This proved to be worthy of a visit.  I went twice to museum for a visit, the second time because ARANZ Dunedin, the Archives and Records Association held an end-of-year tea and we wandered around having a look.  I have already started referring to the museum as Toitu, a Maori word meaning To Preserve Forever and the name of a stream that runs under High Street.  People seem to know what I refer to, it’s easy to remember and less long winded than calling it the Settlers Museum.

The Presbyterian Archives donated a stonking huge pulpit bible to the interactive settler’s hut display.  It had been sitting on my workspace for half a year because I knew that there was someone who needed one.  I though it was a parish who was looking for a new pulpit bible.  It’s found a new home now.  The idea that the settlers brought a huge bible like that across for their spiritual comfort which would have taken up precious space that they had for luggage is an act of faith.

If you visit the display then try out the bed.  It’s padded with rushes and absolutely no give.  Could we have lived like that?  It would be a challenge and demand sacrifices.  They were a hardy lot.

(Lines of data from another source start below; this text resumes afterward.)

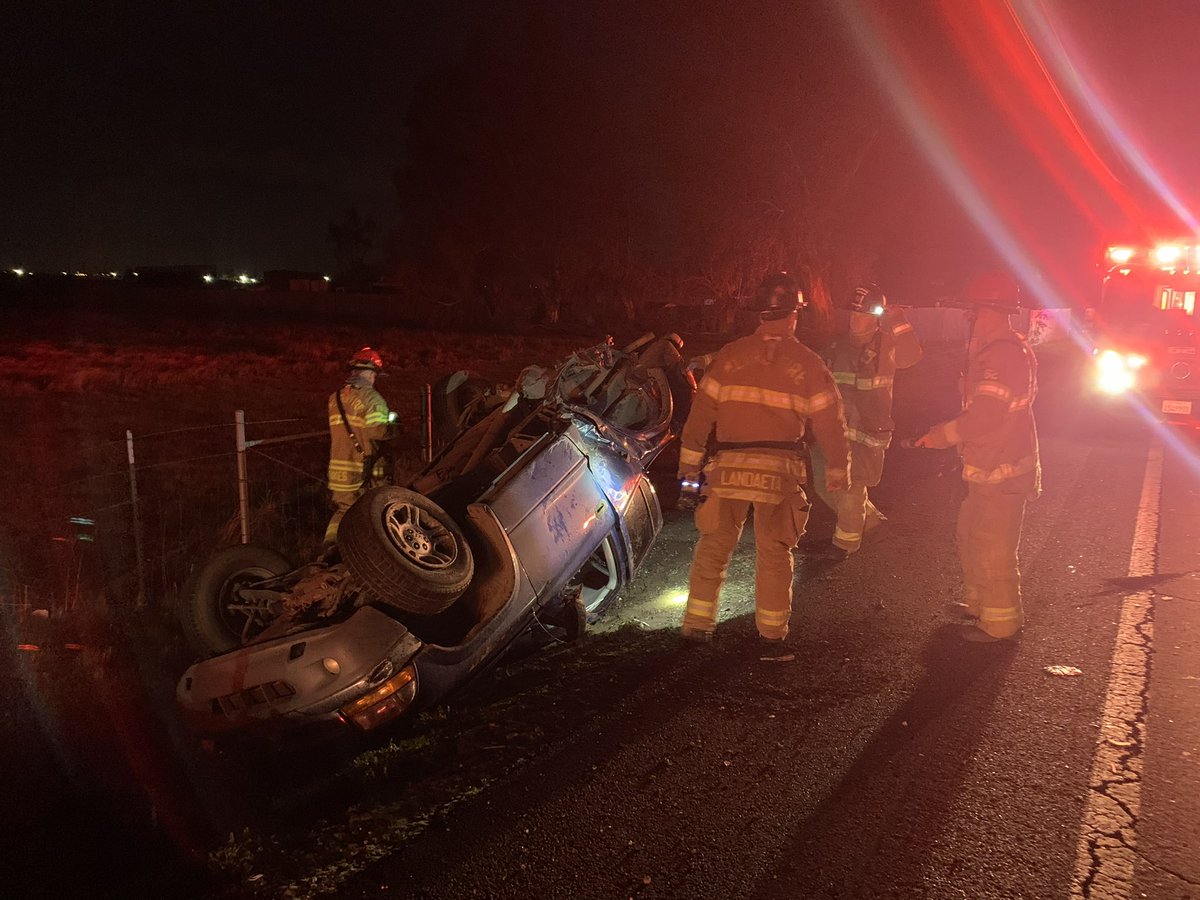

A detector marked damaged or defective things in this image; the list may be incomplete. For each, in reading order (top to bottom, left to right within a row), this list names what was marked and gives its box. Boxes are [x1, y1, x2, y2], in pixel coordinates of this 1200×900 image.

exposed car wheel [432, 370, 492, 444]
exposed car wheel [179, 544, 294, 656]
exposed car wheel [338, 488, 474, 616]
overturned vehicle [176, 336, 692, 740]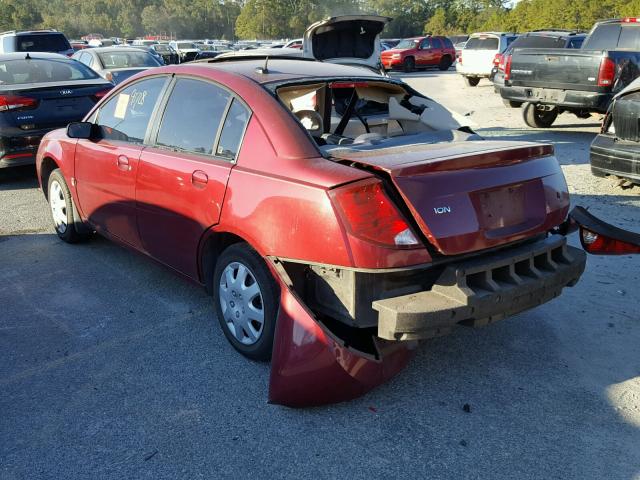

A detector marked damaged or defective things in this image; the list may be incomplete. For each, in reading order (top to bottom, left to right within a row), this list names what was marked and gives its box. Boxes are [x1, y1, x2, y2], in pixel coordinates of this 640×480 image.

damaged red sedan [36, 58, 640, 406]
detached bumper cover [372, 235, 588, 342]
crushed rear bumper [372, 235, 588, 342]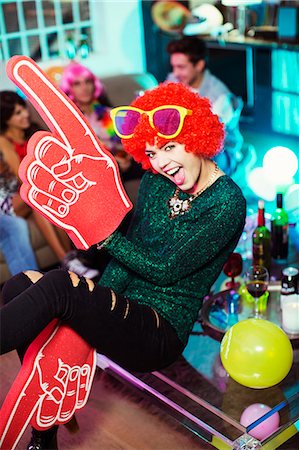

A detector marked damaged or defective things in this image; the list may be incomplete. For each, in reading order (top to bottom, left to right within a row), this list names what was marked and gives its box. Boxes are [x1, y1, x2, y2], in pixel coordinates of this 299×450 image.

ripped black leggings [0, 268, 183, 370]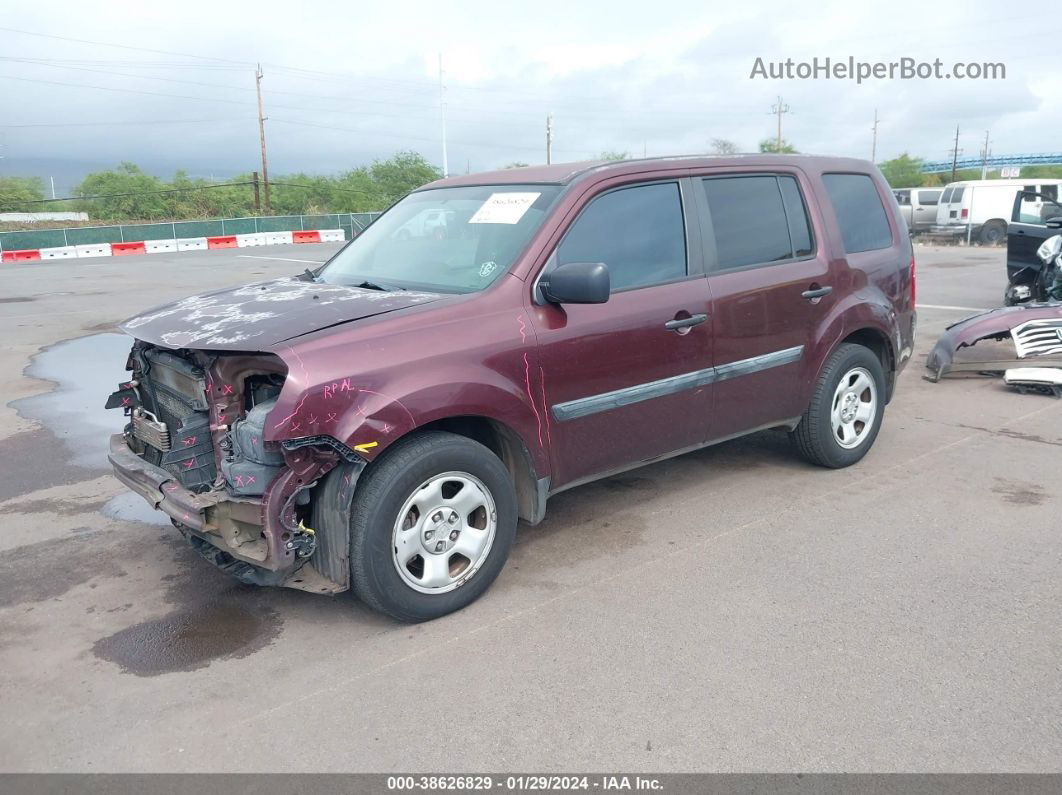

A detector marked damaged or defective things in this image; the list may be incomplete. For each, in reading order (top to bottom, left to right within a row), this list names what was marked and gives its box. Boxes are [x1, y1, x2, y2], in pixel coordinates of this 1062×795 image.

We admired the big chunky horses that the museum had created as part of the carriage display.  Perhaps they come alive at night and race around the museum.  It would be quite fun to imagine a fantasy written using the elements that are available in the museum.

I found my ancestors among the portraits of the first settlers.  It was easier to walk around the walls until I found them than use the screens.  The display of the Chinese who settled Otago is gone as a unit.  Parts of it are scattered in other displays around the museum.

Even after two visits there is still a lot to see.  I will be going again.

Despite the end of the Mayan calendar the end of the world is not come upon us.  This means I will have to go out and do the last of my Christmas shopping.  Hopefully I beat the rain.